“本読みのプロ”が、今、読むべき一冊を教えます!エクラ文芸大賞の選考会で話題にあがった“心に刺激を与えてくれる小説”はこちら。
息子以上に「父・正樹はどう直るか」が読みどころ!斬新さがすごい
━━ 代官山 蔦屋書店 間室道子さん
『小説8050』
林真理子 新潮社 ¥1,980
歯科医の正樹の悩みは21歳の息子の引きこもり。娘の結婚話を機に腹をくくった正樹は、引きこもりのきっかけになった息子の中学時代のいじめに真正面から向き合うが……。スリリングな展開に息をのむ社会派小説。
旅ができない今だからこそパリの情景を思い浮かべて味わって
━━ブックファースト阪急西宮ガーデンズ店 佐藤みどりさん
『赤いモレスキンの女』
アントワーヌ・ローラン
吉田洋之/訳
新潮社 ¥1,980
パリの書店主が偶然拾ったバッグに入っていたのは、赤いモレスキンの手帳。それと一冊の本を手がかりに、彼は持ち主を探そうとするが……。見知らぬ女性への恋の芽生えと意外な展開を描いた、大人のおとぎ話。
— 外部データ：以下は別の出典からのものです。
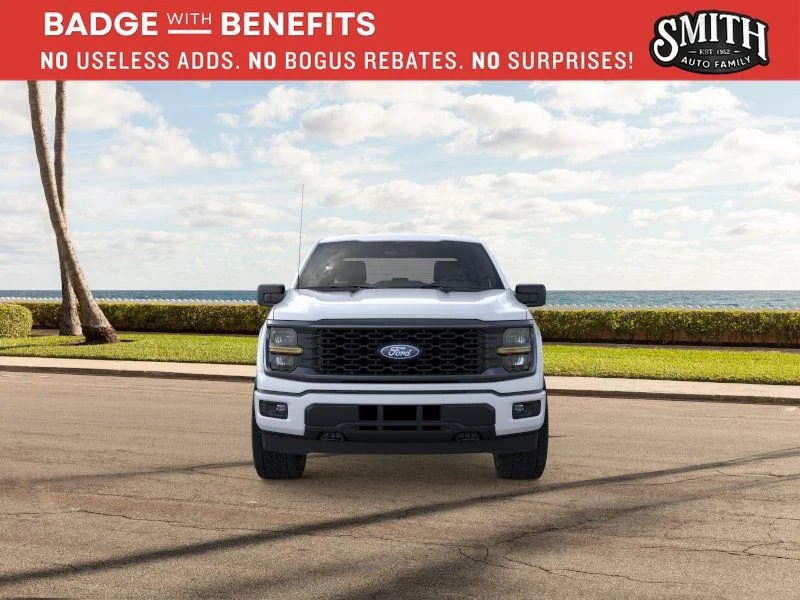 New 2026 Oxford White Ford STX® image 7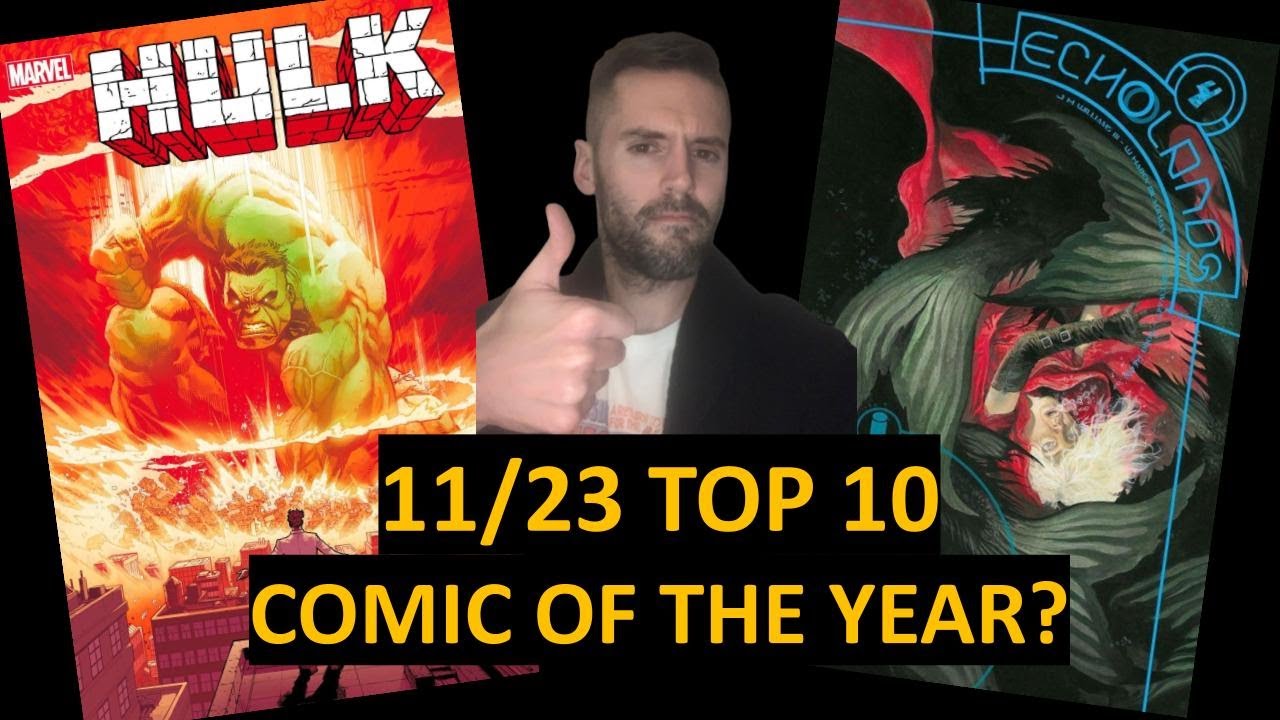 NOV 24th TOP 10 COMIC BOOK PICKS FOR NEW WEEKLY COMIC BOOKS 11/24/21 Speculation & review!!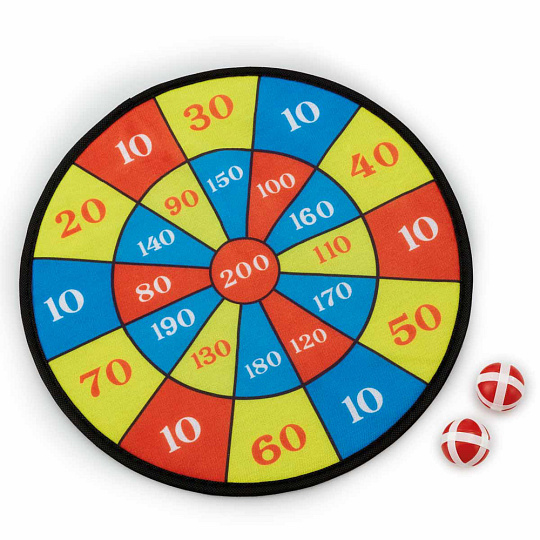 ADDO Terč na suchý zip s míčky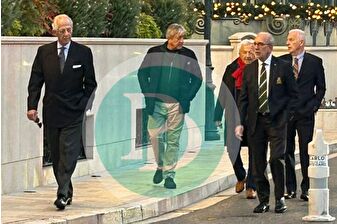 Monte Carlo'daki Hotel de Paris'in İmparatorluk Salonu'ndaki davete katılan Galatasaraylı yöneticiler, Monaco maçı için stada gitti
「ロケバスアリア」の主人公のコロナ禍の決意に勇気をもらった
━━書評ライター 細貝さやか
『田舎のポルシェ』
篠田節子 文藝春秋 ¥1,760
“今どきの人生”を感じさせるロードノベル3編を収録。「ロケバスアリア」の主人公は孫の運転で浜松のホールへ。彼女には秘めた決意があり、ホールで歌うことにしたのだった。生きる尊さを感じさせる中編。
読むのが苦しい描写も。でも自分の人生の結末に思いを馳せられた
━━ジュンク堂書店池袋本店 西山有紀さん
『羊は安らかに草を食(は)み』
宇佐美まこと 祥伝社 ¥1,870
日常生活がおぼつかなくなった86歳の益恵を連れて、80歳のアイと77歳の富士子は益恵の思い出の地をめぐる旅へ。その理由は過去に苦しめられてきた益恵を助けたかったから。重厚だが救いも感じる小説。
親への接し方に悩んだときに読むと少しだけ心が軽くなるかも
━━書評ライター 山本圭子
『家族じまい』
桜木紫乃 集英社 ¥1,760
認知症の母と齢(よわい)を重ねても相変わらず横暴な父。そんな両親の老いがすすみ、とまどう姉妹だったが、一方でそれぞれの夫との関係にも微妙な変化が。老々介護や二世帯同居など現実とその先を見つめた小説。